Juno Orchestra celebrates southern Vermont’s musical legacy

Juno Orchestra
Zon Eastes. Photo by Karen Engdahl.

BRATTLEBORO, Vt. – When Zon Eastes lifts his baton to start the Juno Orchestra “Senza Zefiri” concert Sunday, Feb. 10, he will be nearing the halfway point of a musical adventure that blends local professional musicians, talented soloists who received early musical training nearby, curious and appreciative audiences, and fresh musical arrangements and compositions.

Eastes, a noted cellist and former longtime director of the Windham Orchestra in Brattleboro, started the Juno Orchestra in the spring of 2017 to fulfill a personal dream. “We have such an amazing collection of top-level musicians living in the Brattleboro and southern Vermont area. Most of them make a living by taking gigs all around the region. I’ve always wanted to create a group where they could perform together locally and Juno gives us that opportunity,” he said as he sifted through a stack of sheet music in preparation for the upcoming concert.

Citing a number of happy coincidences, Eastes described the beginning of the Juno project. Funding for paying the musicians came from the sale of two valuable cellos, one owned by Eastes’ sister-in-law, Sandy Spencer, and one owned by Jo Dorchester, the “Juno” in the orchestra’s name, he explained. “Then we were asked to be the chamber orchestra in residence when the new Brattleboro Music Center facility opened,” he continued. “We were thrilled to play the first concert in the new hall in September of 2017.” Musicians responded eagerly to the new opportunity. “I’m heartened by the music-making at such an amazingly high level,” he said. This year the group will produce three concerts and Eastes hopes they will be able to produce two or three more per year for another two years. “It’s a time-limited project,” he said, “and we’re enjoying every minute of it.”

When asked why the Brattleboro and southern Vermont area is such a hotbed of musical talent, Eastes identified the legacy of early musical pioneers including Blance and Marcel Moyse, the Serkins and Marlboro College, and David Wells. “We’re the beneficiaries of their energy and commitment,” he said. “The mid-century musicians who moved up to Vermont created the organizations such as the Bach Festival and the Brattleboro Music Center that nurtured the next generation of musical talent and encouraged good musicians to persist here.”
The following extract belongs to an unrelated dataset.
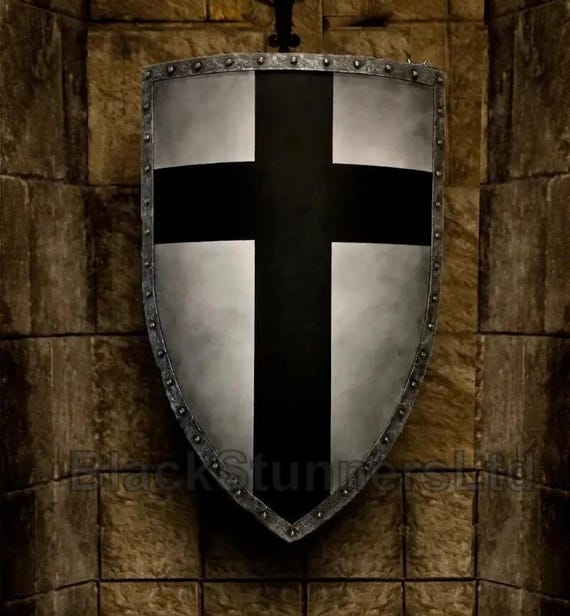 Black Cross Templar Shield | Medieval Steel Knight Battle Shield | Knight Warrior Battle Steel Shield | LARP Battle Ready Warrior Shield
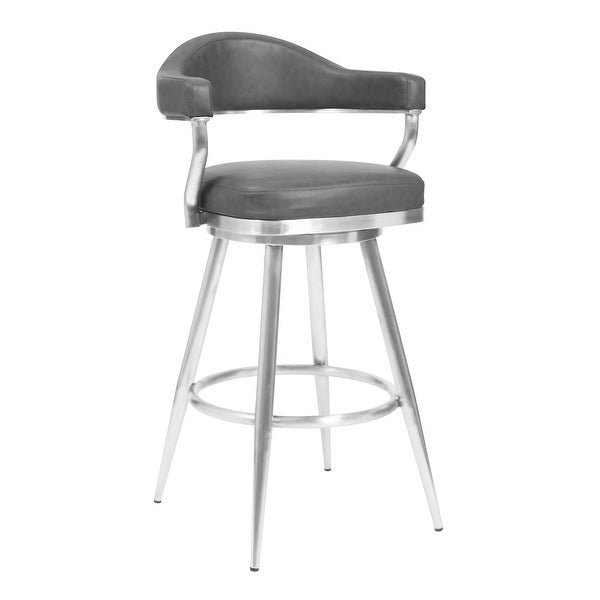 Justin Counter or Bar Stool in Faux Leather and Metal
Local audiences will have to chance to hear the current line up of talented string players at the Juno Strings “Senza Zefiri” – meaning “without winds” – concert Feb. 10 at 3 p.m. at the Latchis Theatre in Brattleboro. On the program are a 17th-century chamber work by Biber, an orchestral arrangement of a contemporary string quartet by Philip Glass, and the lovely Dvorak Serenade for Strings.

“Even if you’re not sure you like ‘classical music,’ I’m urging you to give it a try,” said Eastes. “You don’t need to be familiar with this repertoire to like it. No one should feel shy.”